Contents
Bayesian Sample Size: Why It's Different and When It Helps
How to plan sample sizes for Bayesian experiments. Learn why Bayesian sample sizing differs from frequentist, and when it gives you smaller or more flexible experiments.
Quick Hits
- •Bayesian experiments do not require a fixed sample size -- but you still need enough data for useful conclusions
- •Instead of power, think posterior precision: how narrow does your credible interval need to be?
- •Informative priors effectively add 'free' observations, reducing the data you need to collect
- •Simulation-based planning lets you estimate how many observations you need for a given posterior width
- •Bayesian stopping rules do not inflate error rates, unlike peeking in frequentist tests
TL;DR
Bayesian experiments do not require a fixed sample size determined by power analysis.
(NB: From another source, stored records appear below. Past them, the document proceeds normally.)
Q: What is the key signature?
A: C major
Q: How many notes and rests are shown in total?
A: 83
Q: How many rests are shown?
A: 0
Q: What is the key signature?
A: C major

Instead, you plan based on posterior precision: how many observations do you need for a credible interval narrow enough to make a decision? This guide covers simulation-based planning, the role of priors in sample size, and when Bayesian flexibility actually helps.
Why Bayesian Sample Size Is Different
Frequentist: Fixed Sample, Binary Outcome
Frequentist power analysis asks: "How many observations do I need to have an 80% chance of detecting a 2% effect at alpha = 0.05?"
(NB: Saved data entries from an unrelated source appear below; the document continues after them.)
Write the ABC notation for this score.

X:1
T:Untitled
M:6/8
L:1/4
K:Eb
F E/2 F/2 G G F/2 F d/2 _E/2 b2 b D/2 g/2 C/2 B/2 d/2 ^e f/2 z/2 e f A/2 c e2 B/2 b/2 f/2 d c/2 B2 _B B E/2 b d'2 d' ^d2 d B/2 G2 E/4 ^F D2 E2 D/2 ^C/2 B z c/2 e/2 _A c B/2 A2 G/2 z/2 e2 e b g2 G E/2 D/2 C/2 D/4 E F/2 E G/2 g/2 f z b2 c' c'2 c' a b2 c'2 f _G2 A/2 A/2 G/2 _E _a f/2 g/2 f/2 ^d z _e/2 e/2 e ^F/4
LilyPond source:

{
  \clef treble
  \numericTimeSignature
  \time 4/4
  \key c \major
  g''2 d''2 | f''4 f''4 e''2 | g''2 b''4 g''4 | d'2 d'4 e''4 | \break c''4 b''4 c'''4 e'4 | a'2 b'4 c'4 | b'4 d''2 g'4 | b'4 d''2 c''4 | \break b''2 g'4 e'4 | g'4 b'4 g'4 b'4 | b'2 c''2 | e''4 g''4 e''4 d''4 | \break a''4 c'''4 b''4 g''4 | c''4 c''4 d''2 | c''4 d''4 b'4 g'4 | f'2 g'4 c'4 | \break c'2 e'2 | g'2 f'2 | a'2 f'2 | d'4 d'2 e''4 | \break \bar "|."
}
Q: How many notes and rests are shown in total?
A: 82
This gives you a fixed number. You must collect exactly that many observations. Stopping early inflates your false positive rate. Stopping late wastes resources.
Bayesian: Flexible Sample, Continuous Monitoring
Bayesian planning asks: "How many observations do I need for my posterior to be precise enough to make a confident decision?"
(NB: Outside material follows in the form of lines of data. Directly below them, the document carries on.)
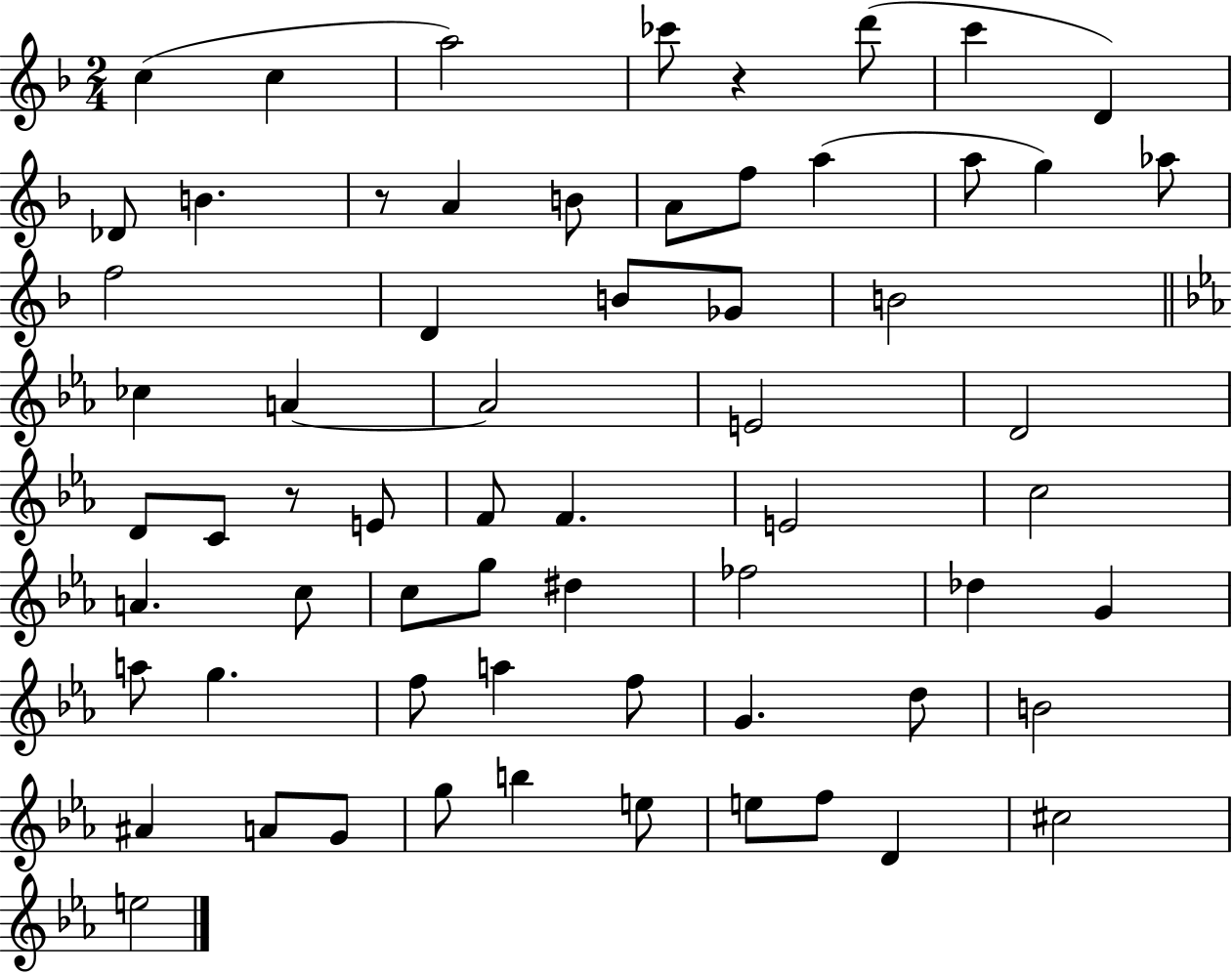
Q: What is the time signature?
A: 2/4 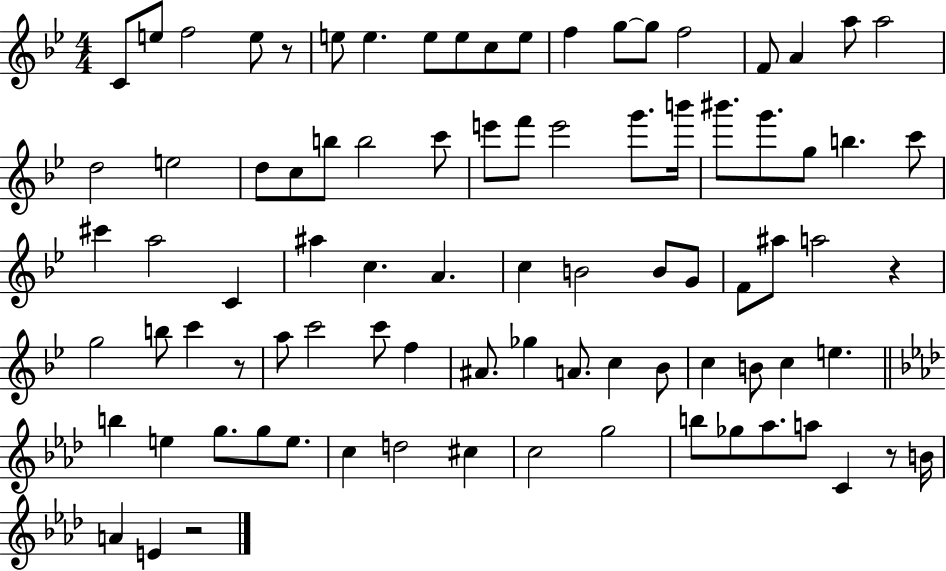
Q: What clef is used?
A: treble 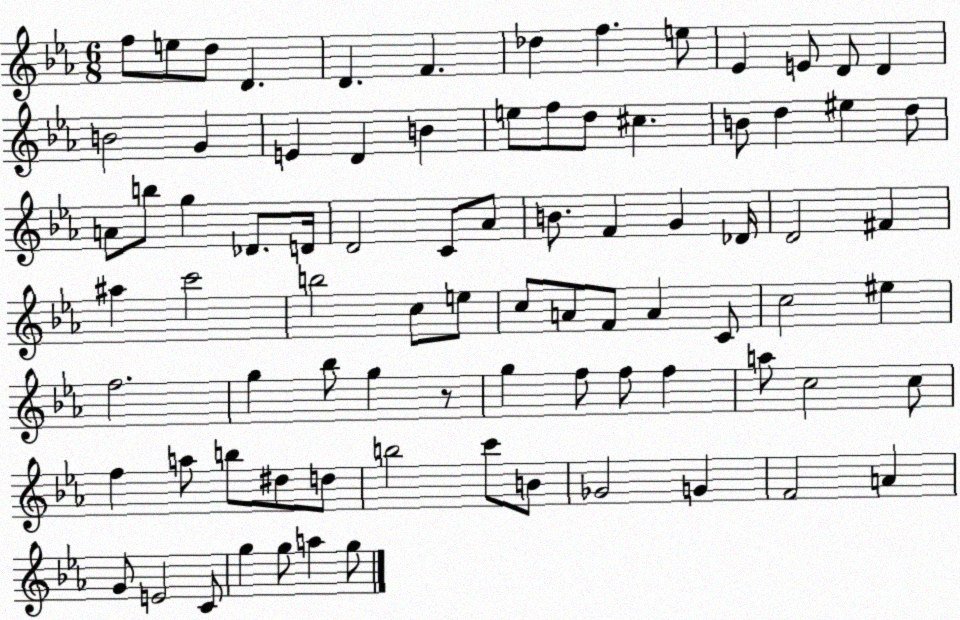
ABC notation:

X:1
T:Untitled
M:6/8
L:1/4
K:Eb
f/2 e/2 d/2 D D F _d f e/2 _E E/2 D/2 D B2 G E D B e/2 f/2 d/2 ^c B/2 d ^e d/2 A/2 b/2 g _D/2 D/4 D2 C/2 _A/2 B/2 F G _D/4 D2 ^F ^a c'2 b2 c/2 e/2 c/2 A/2 F/2 A C/2 c2 ^e f2 g _b/2 g z/2 g f/2 f/2 f a/2 c2 c/2 f a/2 b/2 ^d/2 d/2 b2 c'/2 B/2 _G2 G F2 A G/2 E2 C/2 g g/2 a g/2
There is no single magic number. You can check the posterior at any time. The posterior is always valid -- it just gets more precise as you collect more data.
import numpy as np
from scipy import stats
def posterior_width_by_sample_size(true_rate=0.12, effect=0.02,
sample_sizes=[100, 250, 500, 1000, 2500, 5000],
prior_a=1, prior_b=1, n_simulations=500):
"""
Simulate posterior width as a function of sample size.
"""
print(f"True control rate: {true_rate:.1%}")
print(f"True effect: {effect:.1%}")
print(f"Prior: Beta({prior_a}, {prior_b})")
print(f"\n{'n per arm':<12} {'Median CI Width':<18} {'P(detect effect)':<20} {'Median P(B>A)'}")
print("-" * 70)
for n in sample_sizes:
ci_widths = []
detected = 0
p_better_list = []
for _ in range(n_simulations):
# Simulate data
control_conv = np.random.binomial(n, true_rate)
treatment_conv = np.random.binomial(n, true_rate + effect)
# Posterior samples
c_post = stats.beta(prior_a + control_conv, prior_b + n - control_conv)
t_post = stats.beta(prior_a + treatment_conv, prior_b + n - treatment_conv)
c_samples = c_post.rvs(10000)
t_samples = t_post.rvs(10000)
diff = t_samples - c_samples
# Metrics
ci = np.percentile(diff, [2.5, 97.5])
ci_widths.append(ci[1] - ci[0])
p_better = np.mean(diff > 0)
p_better_list.append(p_better)
if p_better > 0.95:
detected += 1
median_width = np.median(ci_widths)
detection_rate = detected / n_simulations
median_p = np.median(p_better_list)
print(f"{n:<12} {median_width:<18.4f} {detection_rate:<20.1%} {median_p:.1%}")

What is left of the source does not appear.